Reproduce verbatim every line from the one that includes "this 630×385 image." to the closing line of the entries; omit everything before it.
>>>>>
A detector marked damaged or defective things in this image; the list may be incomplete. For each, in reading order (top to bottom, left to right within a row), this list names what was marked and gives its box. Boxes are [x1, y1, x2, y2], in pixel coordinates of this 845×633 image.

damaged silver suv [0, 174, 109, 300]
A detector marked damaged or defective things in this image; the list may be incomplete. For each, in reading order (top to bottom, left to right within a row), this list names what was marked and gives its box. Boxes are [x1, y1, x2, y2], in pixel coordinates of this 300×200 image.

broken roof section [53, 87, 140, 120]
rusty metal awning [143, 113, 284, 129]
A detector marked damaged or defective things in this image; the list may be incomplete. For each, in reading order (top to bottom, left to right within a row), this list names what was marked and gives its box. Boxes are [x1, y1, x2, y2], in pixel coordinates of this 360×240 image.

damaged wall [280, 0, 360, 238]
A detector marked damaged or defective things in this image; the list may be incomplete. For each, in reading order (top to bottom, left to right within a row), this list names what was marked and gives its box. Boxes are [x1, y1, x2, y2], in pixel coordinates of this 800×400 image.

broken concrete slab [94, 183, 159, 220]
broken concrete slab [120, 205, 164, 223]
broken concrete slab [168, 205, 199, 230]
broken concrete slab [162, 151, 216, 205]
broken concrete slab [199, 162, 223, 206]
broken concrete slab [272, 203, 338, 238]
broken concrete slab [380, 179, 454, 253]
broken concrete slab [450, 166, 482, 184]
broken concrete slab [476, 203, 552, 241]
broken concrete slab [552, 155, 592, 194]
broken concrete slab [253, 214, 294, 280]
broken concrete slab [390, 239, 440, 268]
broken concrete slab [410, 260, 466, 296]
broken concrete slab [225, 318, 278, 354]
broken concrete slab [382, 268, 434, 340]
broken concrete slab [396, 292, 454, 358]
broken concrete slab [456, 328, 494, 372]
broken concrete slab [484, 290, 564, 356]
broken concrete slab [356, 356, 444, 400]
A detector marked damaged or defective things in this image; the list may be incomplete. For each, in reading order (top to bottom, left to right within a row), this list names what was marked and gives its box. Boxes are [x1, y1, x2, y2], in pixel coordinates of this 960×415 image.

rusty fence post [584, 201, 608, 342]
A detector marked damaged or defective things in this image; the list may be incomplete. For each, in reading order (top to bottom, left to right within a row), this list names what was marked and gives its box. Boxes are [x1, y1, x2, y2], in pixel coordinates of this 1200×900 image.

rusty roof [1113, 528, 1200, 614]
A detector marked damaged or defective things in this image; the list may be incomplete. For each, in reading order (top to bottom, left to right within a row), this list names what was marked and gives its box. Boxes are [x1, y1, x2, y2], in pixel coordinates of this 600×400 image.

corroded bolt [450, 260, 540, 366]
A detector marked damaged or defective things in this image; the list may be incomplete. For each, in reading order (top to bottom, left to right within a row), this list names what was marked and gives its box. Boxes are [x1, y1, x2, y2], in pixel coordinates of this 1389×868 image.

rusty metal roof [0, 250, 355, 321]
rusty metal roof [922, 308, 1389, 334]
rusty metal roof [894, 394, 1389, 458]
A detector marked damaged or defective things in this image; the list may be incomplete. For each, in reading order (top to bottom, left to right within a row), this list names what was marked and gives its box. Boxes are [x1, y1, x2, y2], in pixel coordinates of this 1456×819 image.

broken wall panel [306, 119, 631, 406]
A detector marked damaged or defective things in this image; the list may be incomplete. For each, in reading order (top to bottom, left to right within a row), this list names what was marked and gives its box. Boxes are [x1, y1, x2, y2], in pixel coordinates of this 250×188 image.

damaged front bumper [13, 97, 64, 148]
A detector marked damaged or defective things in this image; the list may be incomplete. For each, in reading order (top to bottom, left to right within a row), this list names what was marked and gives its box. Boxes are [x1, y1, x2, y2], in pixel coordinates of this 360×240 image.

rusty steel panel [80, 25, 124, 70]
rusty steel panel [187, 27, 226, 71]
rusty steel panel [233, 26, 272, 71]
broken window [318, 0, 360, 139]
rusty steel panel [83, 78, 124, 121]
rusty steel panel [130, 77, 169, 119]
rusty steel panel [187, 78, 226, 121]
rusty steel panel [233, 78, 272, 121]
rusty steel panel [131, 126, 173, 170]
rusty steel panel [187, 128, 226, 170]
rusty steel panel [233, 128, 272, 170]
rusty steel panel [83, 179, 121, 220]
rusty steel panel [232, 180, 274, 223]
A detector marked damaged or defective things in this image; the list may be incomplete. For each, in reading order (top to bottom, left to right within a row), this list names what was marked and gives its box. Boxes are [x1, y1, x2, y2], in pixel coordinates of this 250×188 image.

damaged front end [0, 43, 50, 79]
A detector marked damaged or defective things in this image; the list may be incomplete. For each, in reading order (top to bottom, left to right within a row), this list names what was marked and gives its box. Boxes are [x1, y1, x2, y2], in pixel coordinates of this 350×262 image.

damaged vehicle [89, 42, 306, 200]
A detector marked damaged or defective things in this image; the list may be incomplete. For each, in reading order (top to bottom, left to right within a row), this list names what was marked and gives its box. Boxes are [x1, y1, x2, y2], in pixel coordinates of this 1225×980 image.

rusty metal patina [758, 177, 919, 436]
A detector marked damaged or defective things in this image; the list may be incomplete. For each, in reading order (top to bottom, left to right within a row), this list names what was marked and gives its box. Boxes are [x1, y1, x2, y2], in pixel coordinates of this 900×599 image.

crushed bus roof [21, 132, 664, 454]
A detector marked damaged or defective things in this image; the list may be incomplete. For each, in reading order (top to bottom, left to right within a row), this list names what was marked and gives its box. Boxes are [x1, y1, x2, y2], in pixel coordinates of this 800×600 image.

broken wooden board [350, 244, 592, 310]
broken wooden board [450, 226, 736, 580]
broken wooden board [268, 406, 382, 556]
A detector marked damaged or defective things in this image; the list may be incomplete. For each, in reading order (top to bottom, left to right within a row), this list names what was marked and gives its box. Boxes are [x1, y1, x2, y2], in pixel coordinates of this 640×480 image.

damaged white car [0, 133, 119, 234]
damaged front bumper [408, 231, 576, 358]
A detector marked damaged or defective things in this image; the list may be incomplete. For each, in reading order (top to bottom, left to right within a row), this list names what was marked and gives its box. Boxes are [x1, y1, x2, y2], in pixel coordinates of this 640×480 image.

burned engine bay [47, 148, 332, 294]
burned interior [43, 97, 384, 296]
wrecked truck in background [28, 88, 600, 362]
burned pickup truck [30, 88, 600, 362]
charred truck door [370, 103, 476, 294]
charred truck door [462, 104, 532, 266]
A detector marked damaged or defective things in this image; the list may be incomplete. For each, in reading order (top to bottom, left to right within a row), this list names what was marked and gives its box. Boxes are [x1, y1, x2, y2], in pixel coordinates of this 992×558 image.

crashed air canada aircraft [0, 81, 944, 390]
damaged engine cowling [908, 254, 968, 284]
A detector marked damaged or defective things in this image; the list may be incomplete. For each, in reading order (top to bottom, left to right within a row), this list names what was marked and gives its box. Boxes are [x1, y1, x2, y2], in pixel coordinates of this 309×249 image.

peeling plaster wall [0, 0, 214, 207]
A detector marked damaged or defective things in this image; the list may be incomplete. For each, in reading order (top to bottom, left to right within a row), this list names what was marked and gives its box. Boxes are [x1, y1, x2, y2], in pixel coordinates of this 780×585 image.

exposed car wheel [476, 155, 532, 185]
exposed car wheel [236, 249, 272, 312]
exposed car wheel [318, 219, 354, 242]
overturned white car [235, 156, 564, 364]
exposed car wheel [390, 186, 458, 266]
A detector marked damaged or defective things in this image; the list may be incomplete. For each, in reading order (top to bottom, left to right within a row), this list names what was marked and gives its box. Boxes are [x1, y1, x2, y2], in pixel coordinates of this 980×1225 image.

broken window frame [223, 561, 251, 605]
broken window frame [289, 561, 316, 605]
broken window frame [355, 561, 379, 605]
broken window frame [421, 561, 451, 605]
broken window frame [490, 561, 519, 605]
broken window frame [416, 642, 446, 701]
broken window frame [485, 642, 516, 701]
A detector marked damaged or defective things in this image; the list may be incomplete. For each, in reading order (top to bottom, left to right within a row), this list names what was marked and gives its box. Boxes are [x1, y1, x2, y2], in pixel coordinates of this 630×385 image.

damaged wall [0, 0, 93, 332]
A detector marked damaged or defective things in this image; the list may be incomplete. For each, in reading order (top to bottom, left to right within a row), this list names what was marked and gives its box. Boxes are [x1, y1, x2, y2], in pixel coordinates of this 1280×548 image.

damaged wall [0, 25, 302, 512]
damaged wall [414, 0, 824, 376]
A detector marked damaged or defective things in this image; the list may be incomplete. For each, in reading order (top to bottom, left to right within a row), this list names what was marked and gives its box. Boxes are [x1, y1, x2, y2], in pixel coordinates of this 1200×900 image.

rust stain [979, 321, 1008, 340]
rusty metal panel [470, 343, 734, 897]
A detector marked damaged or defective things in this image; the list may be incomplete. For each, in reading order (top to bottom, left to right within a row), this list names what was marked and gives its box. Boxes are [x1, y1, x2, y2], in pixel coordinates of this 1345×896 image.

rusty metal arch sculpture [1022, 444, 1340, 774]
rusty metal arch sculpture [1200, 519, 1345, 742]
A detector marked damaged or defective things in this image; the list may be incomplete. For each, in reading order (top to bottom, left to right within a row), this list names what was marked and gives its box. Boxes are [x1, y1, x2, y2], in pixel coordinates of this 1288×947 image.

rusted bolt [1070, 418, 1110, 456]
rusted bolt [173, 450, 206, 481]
<<<<<
§ Output below
A detector marked damaged or defective things in this image; the list may be incomplete. For each, in reading order (top to bottom, left to right within a row), this list names what was marked and gives its box. Boxes are [x1, y1, x2, y2], in pixel coordinates of this 630×385 image.

damaged wall [0, 0, 93, 332]
A detector marked damaged or defective things in this image; the list may be incomplete. For each, in reading order (top to bottom, left to right within a row), this list names what was marked and gives its box. Boxes are [x1, y1, x2, y2], in pixel coordinates of this 1280×548 image.

damaged wall [0, 25, 302, 512]
damaged wall [414, 0, 824, 376]
A detector marked damaged or defective things in this image; the list may be incomplete. For each, in reading order (top to bottom, left to right within a row), this list names what was marked and gives its box. Boxes are [x1, y1, x2, y2], in pixel coordinates of this 1200×900 image.

rust stain [979, 321, 1008, 340]
rusty metal panel [470, 343, 734, 897]
A detector marked damaged or defective things in this image; the list may be incomplete. For each, in reading order (top to bottom, left to right within a row), this list names what was marked and gives its box. Boxes are [x1, y1, x2, y2], in pixel coordinates of this 1345×896 image.

rusty metal arch sculpture [1022, 444, 1340, 774]
rusty metal arch sculpture [1200, 519, 1345, 742]
A detector marked damaged or defective things in this image; the list may be incomplete. For each, in reading order (top to bottom, left to right within a row), this list names what was marked and gives its box. Boxes are [x1, y1, x2, y2], in pixel coordinates of this 1288×947 image.

rusted bolt [1070, 418, 1110, 456]
rusted bolt [173, 450, 206, 481]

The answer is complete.